Images for object localization:
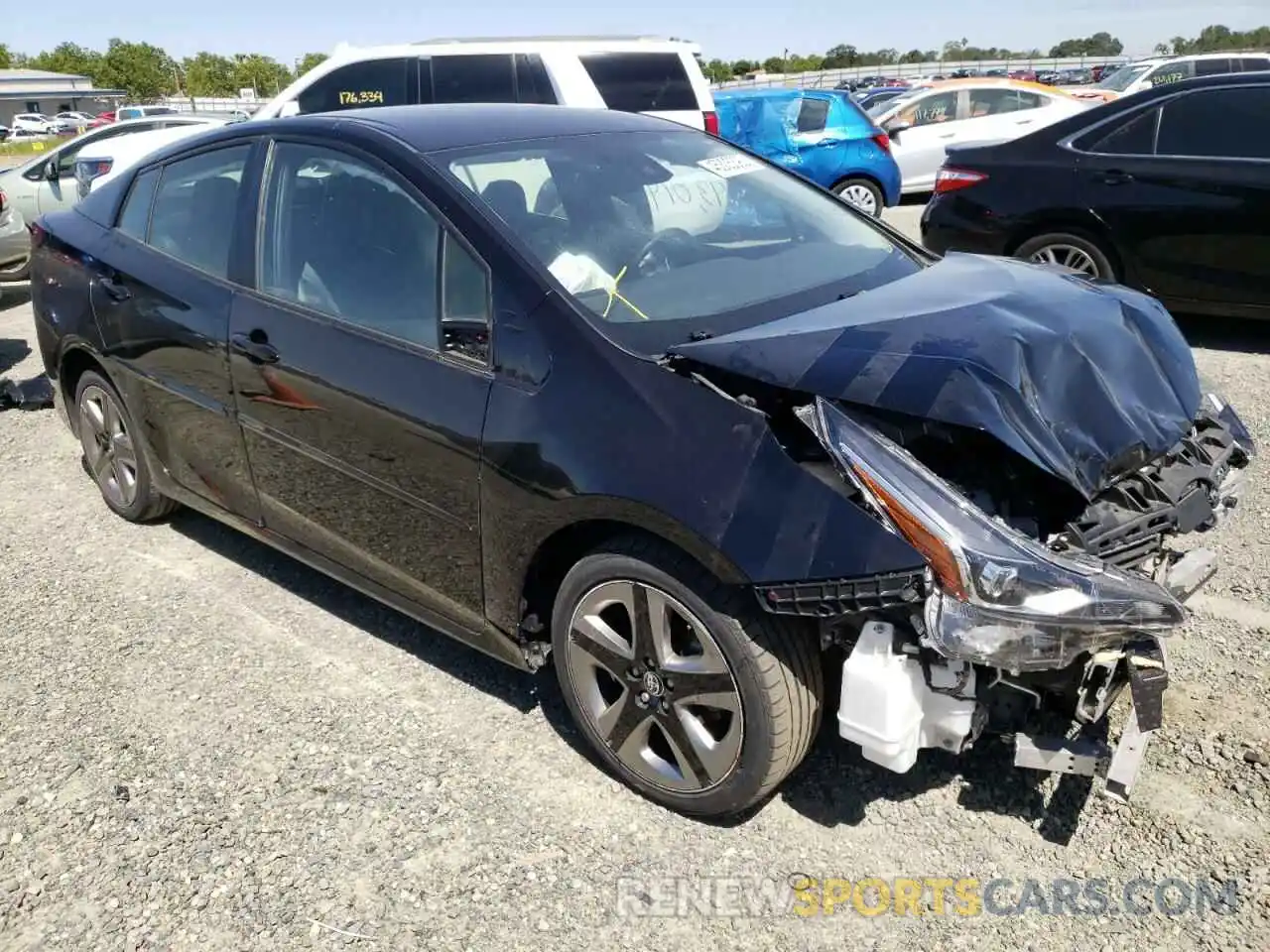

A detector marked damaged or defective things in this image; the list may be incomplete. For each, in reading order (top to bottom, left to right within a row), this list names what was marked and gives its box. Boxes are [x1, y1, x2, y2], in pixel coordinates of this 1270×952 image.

broken plastic debris [0, 375, 56, 411]
damaged black toyota prius [27, 102, 1249, 822]
crumpled hood [675, 254, 1199, 508]
broken headlight assembly [797, 398, 1183, 674]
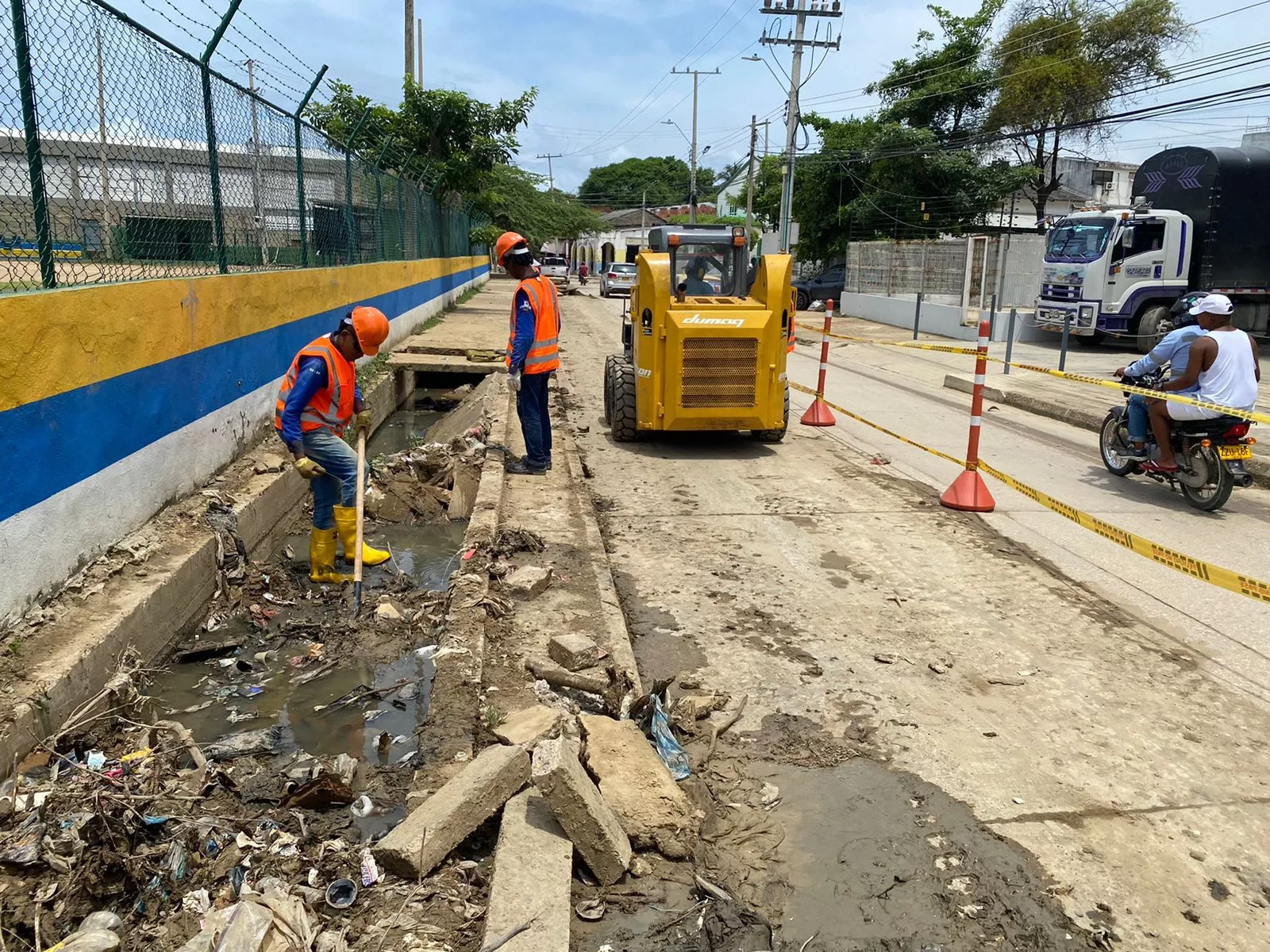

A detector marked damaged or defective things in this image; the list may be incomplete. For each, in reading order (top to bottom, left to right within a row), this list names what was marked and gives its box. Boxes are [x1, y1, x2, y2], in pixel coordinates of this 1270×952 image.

broken concrete slab [502, 566, 553, 597]
broken concrete slab [546, 637, 599, 675]
broken concrete slab [371, 746, 528, 878]
broken concrete slab [490, 705, 561, 751]
broken concrete slab [479, 792, 572, 952]
broken concrete slab [530, 736, 629, 889]
broken concrete slab [579, 716, 691, 863]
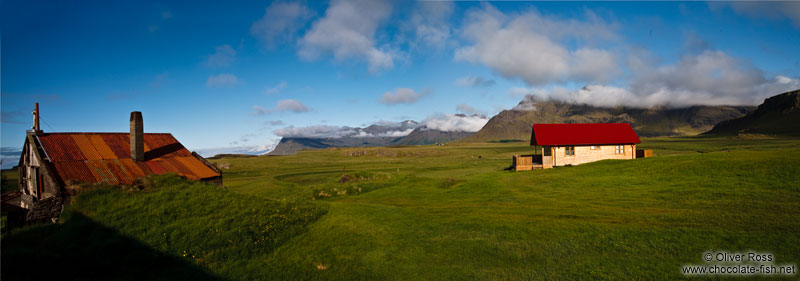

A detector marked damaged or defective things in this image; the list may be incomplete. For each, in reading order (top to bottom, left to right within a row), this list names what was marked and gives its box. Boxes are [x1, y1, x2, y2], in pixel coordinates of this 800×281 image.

rusty corrugated roof [36, 132, 219, 185]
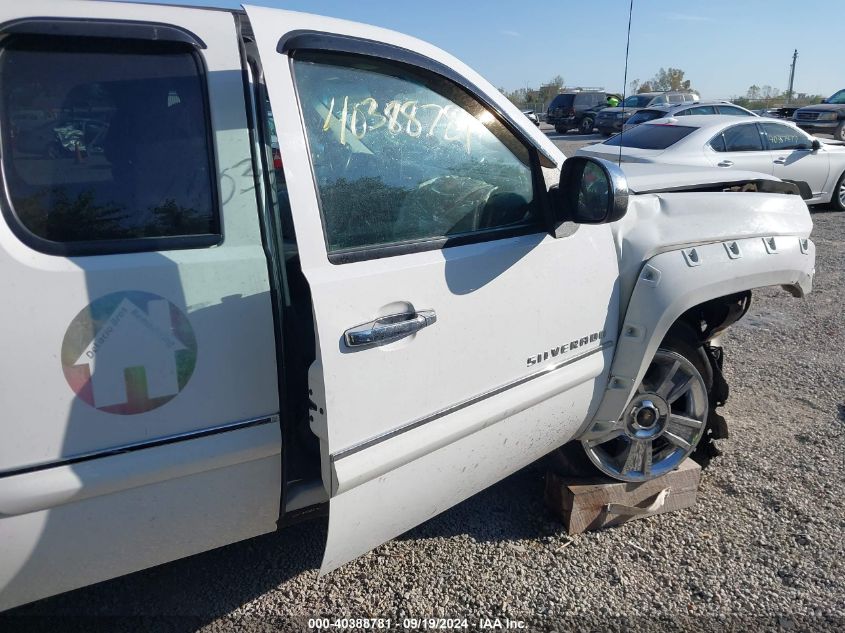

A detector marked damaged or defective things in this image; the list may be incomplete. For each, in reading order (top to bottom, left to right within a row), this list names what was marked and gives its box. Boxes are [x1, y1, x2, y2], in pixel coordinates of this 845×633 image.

front-end collision damage [576, 190, 816, 476]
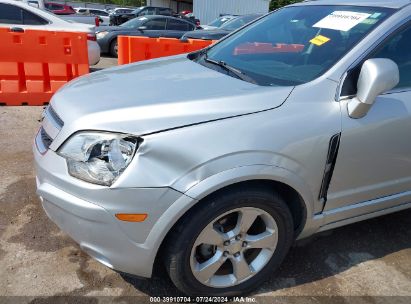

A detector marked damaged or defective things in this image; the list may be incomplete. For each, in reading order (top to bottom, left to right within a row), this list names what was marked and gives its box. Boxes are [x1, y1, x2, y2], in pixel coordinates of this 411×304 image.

cracked headlight [57, 132, 142, 186]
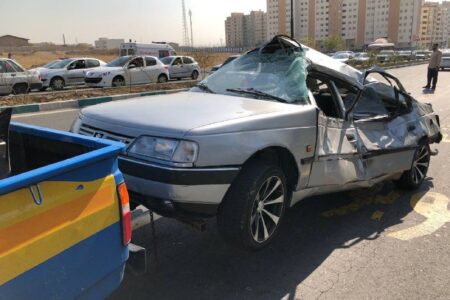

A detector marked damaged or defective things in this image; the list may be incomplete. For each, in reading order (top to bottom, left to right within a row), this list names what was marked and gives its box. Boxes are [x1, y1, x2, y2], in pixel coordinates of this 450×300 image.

shattered windshield [193, 37, 310, 104]
wrecked silver car [72, 35, 442, 251]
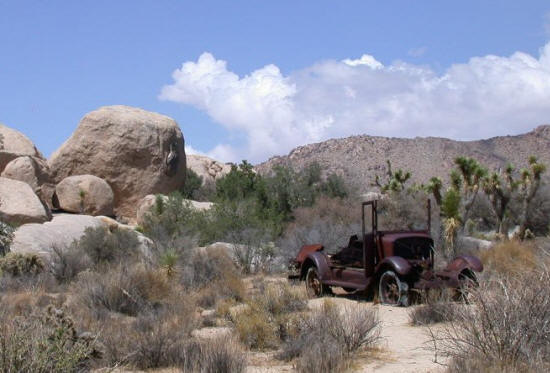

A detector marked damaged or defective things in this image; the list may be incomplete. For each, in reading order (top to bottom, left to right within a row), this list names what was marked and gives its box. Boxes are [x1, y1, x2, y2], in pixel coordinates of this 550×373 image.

rusty abandoned car [292, 199, 486, 304]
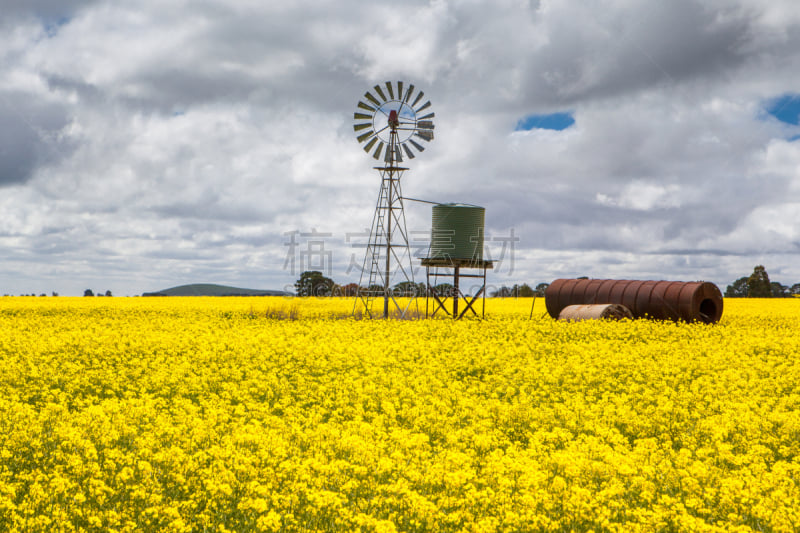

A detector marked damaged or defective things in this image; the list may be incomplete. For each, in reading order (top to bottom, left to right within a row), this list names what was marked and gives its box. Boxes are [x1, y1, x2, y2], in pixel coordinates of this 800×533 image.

rusty cylindrical tank [560, 304, 636, 320]
rusty cylindrical tank [544, 278, 724, 324]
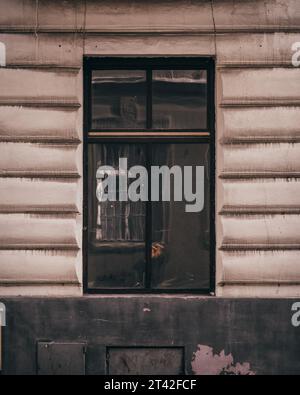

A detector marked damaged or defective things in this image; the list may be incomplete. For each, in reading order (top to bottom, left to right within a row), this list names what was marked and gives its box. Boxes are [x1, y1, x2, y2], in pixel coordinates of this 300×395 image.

peeling paint [191, 344, 254, 376]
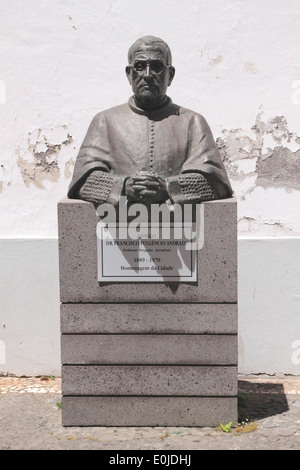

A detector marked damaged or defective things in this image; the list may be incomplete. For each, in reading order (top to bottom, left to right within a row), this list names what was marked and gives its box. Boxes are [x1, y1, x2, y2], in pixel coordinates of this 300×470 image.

peeling paint on wall [17, 127, 73, 190]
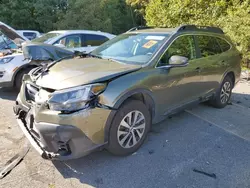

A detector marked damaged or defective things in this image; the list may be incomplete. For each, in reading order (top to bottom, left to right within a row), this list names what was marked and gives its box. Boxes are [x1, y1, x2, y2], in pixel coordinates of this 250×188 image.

broken headlight [47, 83, 106, 112]
damaged subaru outback [14, 25, 242, 160]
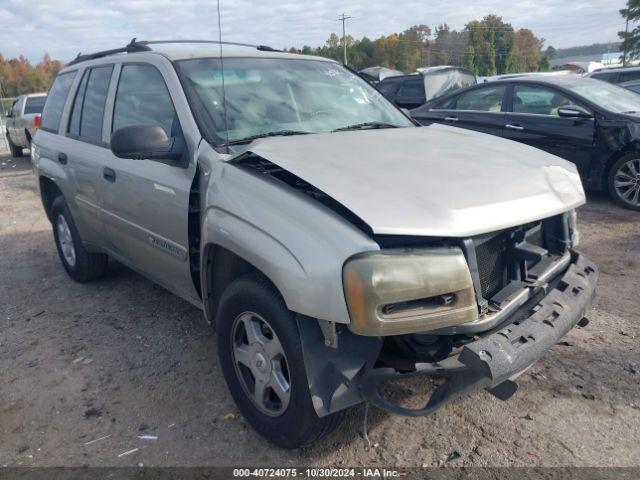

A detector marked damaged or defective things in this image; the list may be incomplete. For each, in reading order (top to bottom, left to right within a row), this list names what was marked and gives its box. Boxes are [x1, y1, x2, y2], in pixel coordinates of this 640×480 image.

detached bumper piece [358, 253, 596, 414]
damaged front bumper [358, 251, 596, 416]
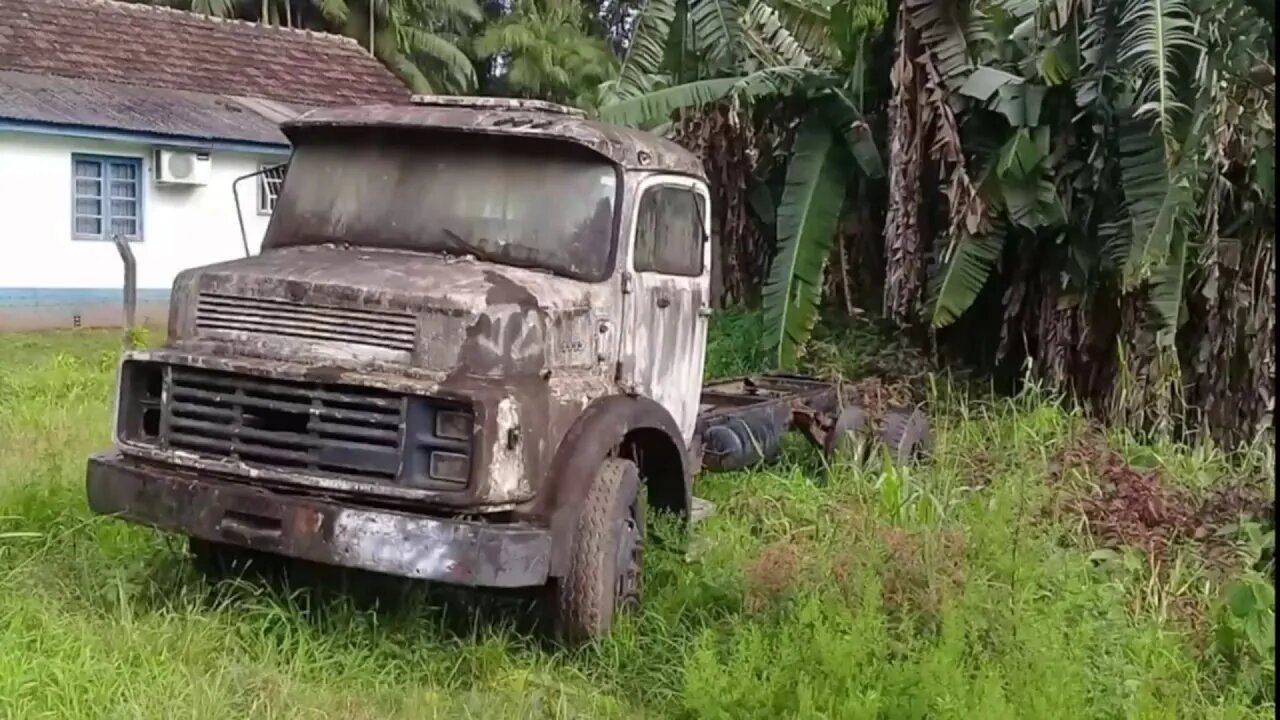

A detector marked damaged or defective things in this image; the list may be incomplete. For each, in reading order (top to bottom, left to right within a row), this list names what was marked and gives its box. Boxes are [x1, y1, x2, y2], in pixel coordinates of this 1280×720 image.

abandoned rusty truck [87, 94, 931, 638]
rusted headlight housing [401, 397, 473, 486]
rusted metal panel [87, 450, 547, 586]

» **EXERCISE PROMPT**: Restate, word for word and without pictures, the lines from the line containing "this 300×470 image." to the last line of the records above.

» **YOUR RESPONSE**:
A detector marked damaged or defective things in this image; the list may be incomplete. For each, in reading order (top to bottom, left to right within a row), this list names what was marked and gives its box. Boxes are [x1, y1, x2, y2], in pixel coordinates of this 300×470 image.

peeling paint on wall [17, 127, 73, 190]

A detector marked damaged or defective things in this image; the list may be incomplete. For each, in reading order (top to bottom, left to right within a row), this list names what was marked and gives its box. Boxes are [x1, y1, x2, y2], in pixel coordinates of this 250×188 image.

broken headlight [47, 83, 106, 112]
damaged subaru outback [14, 25, 242, 160]

A detector marked damaged or defective things in this image; the list may be incomplete. For each, in reading order (top to bottom, left to right within a row), this list names what was marked and gives its box. Boxes are [x1, y1, x2, y2], in pixel coordinates of this 640×480 image.

detached bumper piece [358, 253, 596, 414]
damaged front bumper [358, 251, 596, 416]

A detector marked damaged or defective things in this image; the list may be incomplete. For each, in reading order (top to bottom, left to right within a row), this list names what was marked and gives its box. Boxes are [x1, y1, x2, y2], in pixel coordinates of this 1280×720 image.

abandoned rusty truck [87, 94, 931, 638]
rusted headlight housing [401, 397, 473, 486]
rusted metal panel [87, 450, 547, 586]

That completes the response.